#### WORK ORDER
Could you restate word for word each line from the top of the listing below through the line containing "MONDIAZ THOR-DLUX Meuble"? Keep the pictures out.

#### DATA EXTRACT
........

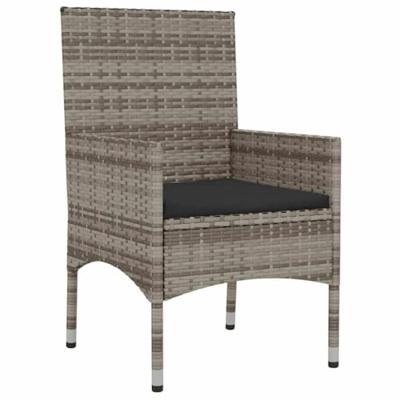 4-delige Loungeset met kussens poly rattan grijs 4-delige Loungeset met kussens poly rattan grijs
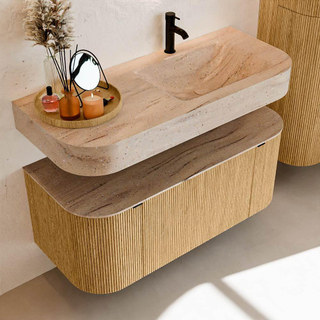 MONDIAZ THOR-DLUX Meuble de salle de bains - 110cm - arrondi gauche + droite - couleur Oak - 1 tiroir - 2 portes - Vasque suspendue CLOUD droite 1 trou de robinet couleur Saba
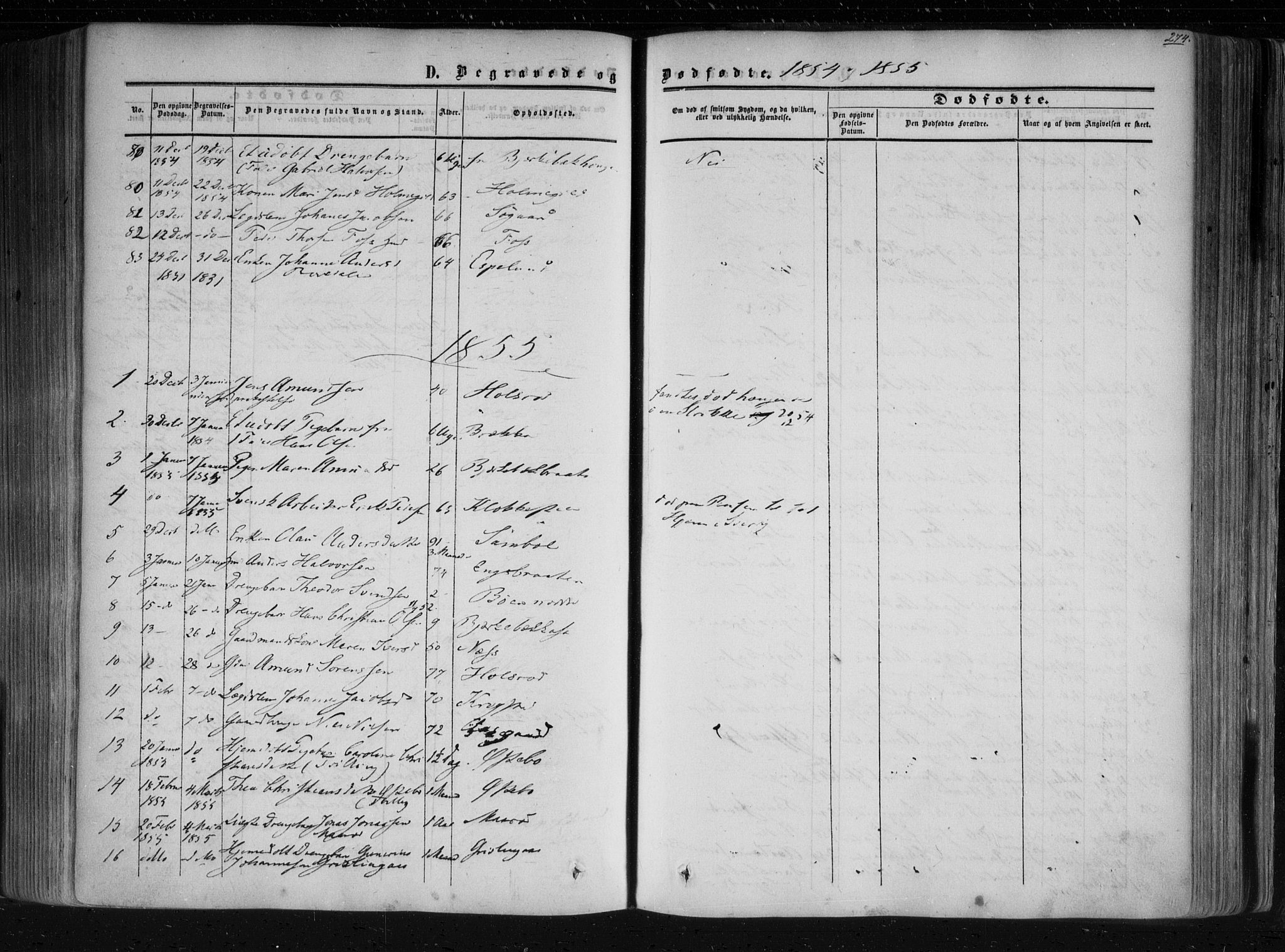 Aremark prestekontor Kirkebøker, SAO/A-10899/F/Fc/L0003: Parish register (official) no. III 3, 1850-1865, p. 274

........

#### RESULT OF THIS EXERCISE
 4-delige Loungeset met kussens poly rattan grijs 4-delige Loungeset met kussens poly rattan grijs
 MONDIAZ THOR-DLUX Meuble de salle de bains - 110cm - arrondi gauche + droite - couleur Oak - 1 tiroir - 2 portes - Vasque suspendue CLOUD droite 1 trou de robinet couleur Saba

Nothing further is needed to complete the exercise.